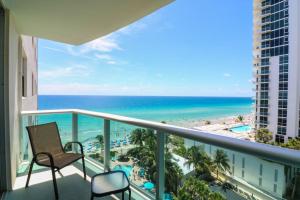 THE TIDES 2 bedrooms 9th floor WE ARE ON THE BEACH!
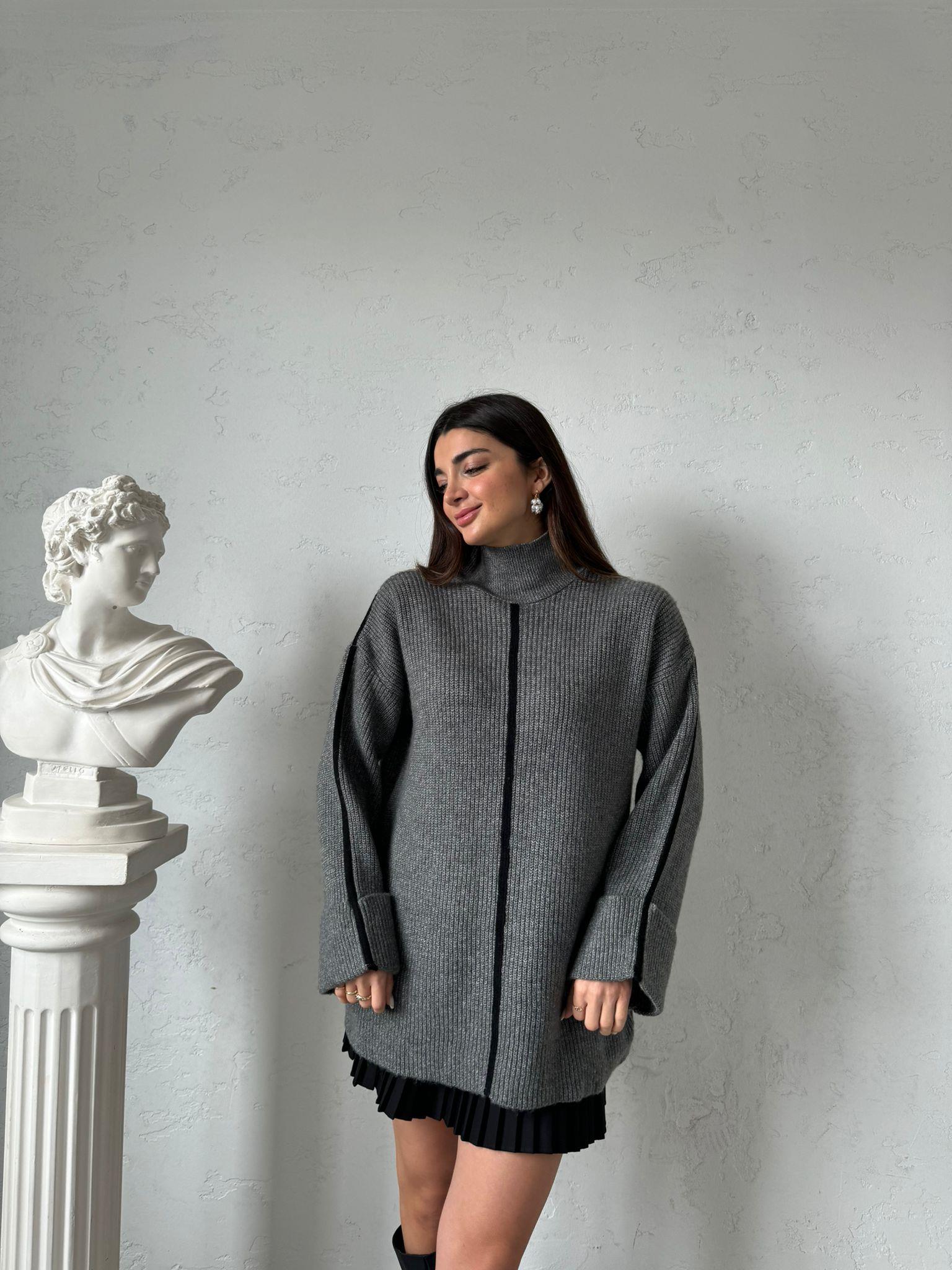 Gri Siyah Şeritli Oversize Kazak 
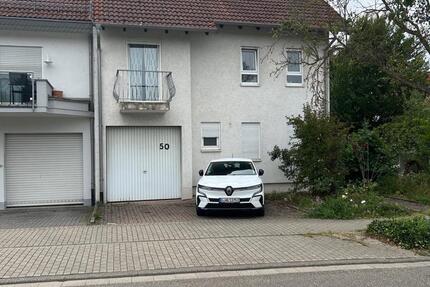 Einfamilienhaus mit Einliegerwohnung und Ausbaureserve zimmer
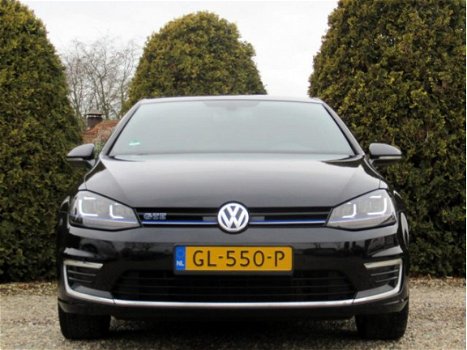 Volkswagen Golf - 1.4 TSI GTE / Navi / 18 inch - 1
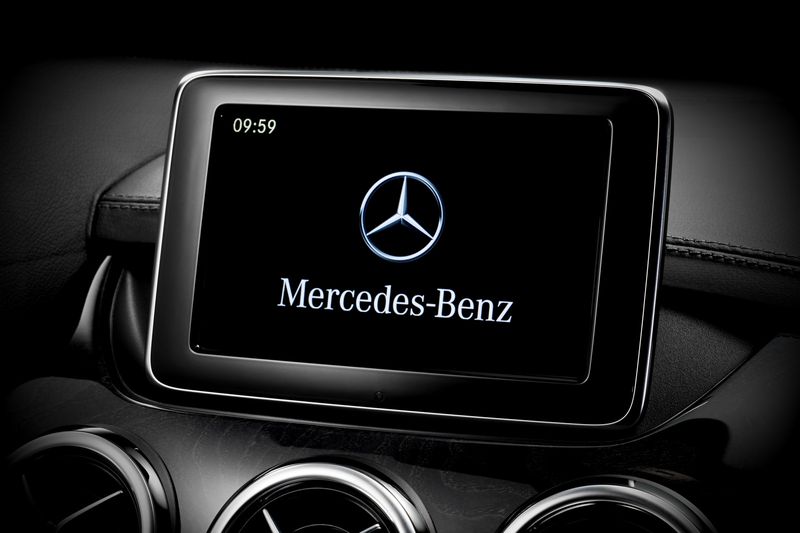  Mercedes-Benz B-Class   (52 )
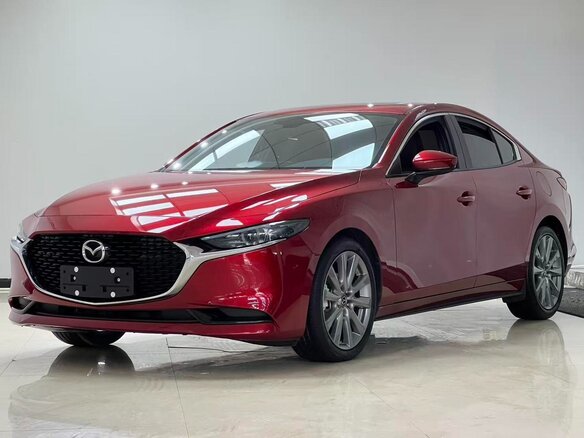 2023 Mazda 3 Axela IV (BP), красный, 1340000 рублей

....................

Reproduce the lines of the listing exactly, starting at the one that contains "Gri Siyah Şeritli Oversize Kazak" and continuing through the final line, but leave out the pictures.

 Gri Siyah Şeritli Oversize Kazak 
 Einfamilienhaus mit Einliegerwohnung und Ausbaureserve zimmer
 Volkswagen Golf - 1.4 TSI GTE / Navi / 18 inch - 1
  Mercedes-Benz B-Class   (52 )
 2023 Mazda 3 Axela IV (BP), красный, 1340000 рублей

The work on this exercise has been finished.